Members of Ashley River Baptist Church’s handbell choir -including (from left) Cathy Richardson, Wendy Taylor, Ann Marie Fairchild, Daphne Rice, Linda Yarborough, Chistopher Aleman, Sally Evitt, Ben Rice, Beverly Rawls and Joe Richardson – rehearse at the church a few days before departing for Uruguay.

The handbell ringers of Ashley River Baptist Church, Charleston, launched a weeklong mission trip June 19, fulfilling a challenge that began four months ago on another continent.

The team of 11 ringers traveled to Uruguay to perform, inspire and leave behind a set of refurbished bells.

Yarborough

The seeds for the mission trip were planted when Philip and Peggy Johnson, who have spent the past year and a half in Uruguay, contacted the South Carolina Baptist Convention to find out if there was an available set of handbells, according to Ashley River Baptist minister of music H.S. Yarborough.

“Philip Johnson was a minister of music at his church in Rock Hill,” Yarborough said.

“His work there (in Uruguay) is to try to reach a more educated part of the society, and as a result, he has discovered that the best way to do that is to establish relationships with people.”

Because of his music background, Johnson understood that people respond well to the arts, Yarborough said.

Meanwhile, back home in the Palmetto State, where worship services are relying more on electric guitars and less on handbells, a church in the Upstate decided to relinquish its set of bells.

The Singing Churchmen of South Carolina, a choral group of Baptist music ministers, heard about the newly available bells and Johnson’s request, raised some money during performances to purchase and refurbish the set, and wondered who could make the trip.

The chairman of the missions committee of the Singing Churchmen has a son who is a handbell ringer at Ashley River Baptist.

When Yarborough was contacted, he thought about the prophet Isaiah, who said, “Then I heard the voice of the Lord saying, ‘Whom shall I send? And who will go for us?’ And I said, ‘Here am I. Send me!’?”

Wendy Taylor, mission projects coordinator for Ashley River Baptist and a member of the bell choir, was among the group traveling in Uruguay.

Taylor said she has been ringing for more than 25 years. She started in the fourth-grade children’s choir, then rang in her church, Oak Park Baptist in New Orleans, where she grew up.

Her ringing colleague and the son of the Singing Churchman who notified Ashley River is Ben Rice.

The group raised $14,000 to subsidize a trip that cost about $26,000, Taylor said.

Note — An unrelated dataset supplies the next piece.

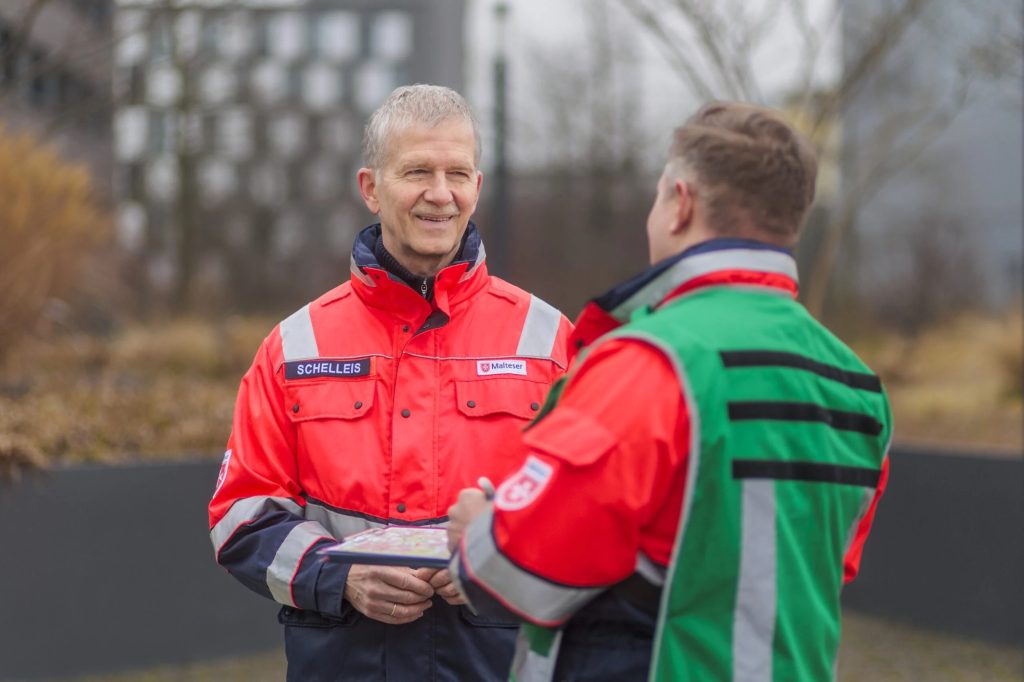 Generalleutnant a. D. Martin-Schelleis, Bundesbeauftragter für Krisenresilienz, Sicherheitspolitik und zivil-militärische Zusammenarbeit des Malteser Hilfsdienstes 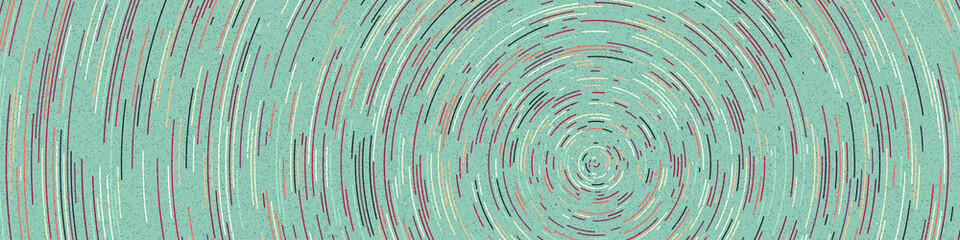 Colour Hexagon Tile Connection art background design illustration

The Ashley River ringers heard about the request in March, formed the choir by mid-April and rehearsed madly every since – two times a week for two hours at a time.

Typically, ringers play hymns, but the choir, which is tasked with reaching out to unchurched folks in Uruguay, was asked to play a few popular tunes, Taylor said.

So they prepared a version of the “William Tell Overture” and the classic song “Moon River,” and the Coke commercial hit “I’d Like to Teach the World to Sing.” They also played a few spirituals and, of course, one or two hymns.

They performed in schools and cultural centers and at Rotary Club meetings, Taylor said.

The choir of 10 ringers and one conductor was armed with a three-octave set of bells. Each ringer was in charge of three to five bells.

The mission trip centered in Punta Del Este, a beautiful community near the water, about an hour and a half south of Montevideo, Yarborough said. It’s a playground for the wealthy travelers of Europe and South America. The summertime population is 250,000; in winter, the locals number 7,000.

It’s the locals the Ashley River ringers wanted to target. That’s why the trip was scheduled for the Southern Hemisphere’s autumn season.

In addition to bell performances, the missionaries held “conversation classes” in English and talked about Charleston, Yarborough said.

The group stayed busy, presenting two to five concerts a day.

Then they left the bells with Johnson.

“It’s been great for the church,” Yarborough said. “It’s a test of faith, an opportunity for fellowship.”

And a chance to share the gift of music.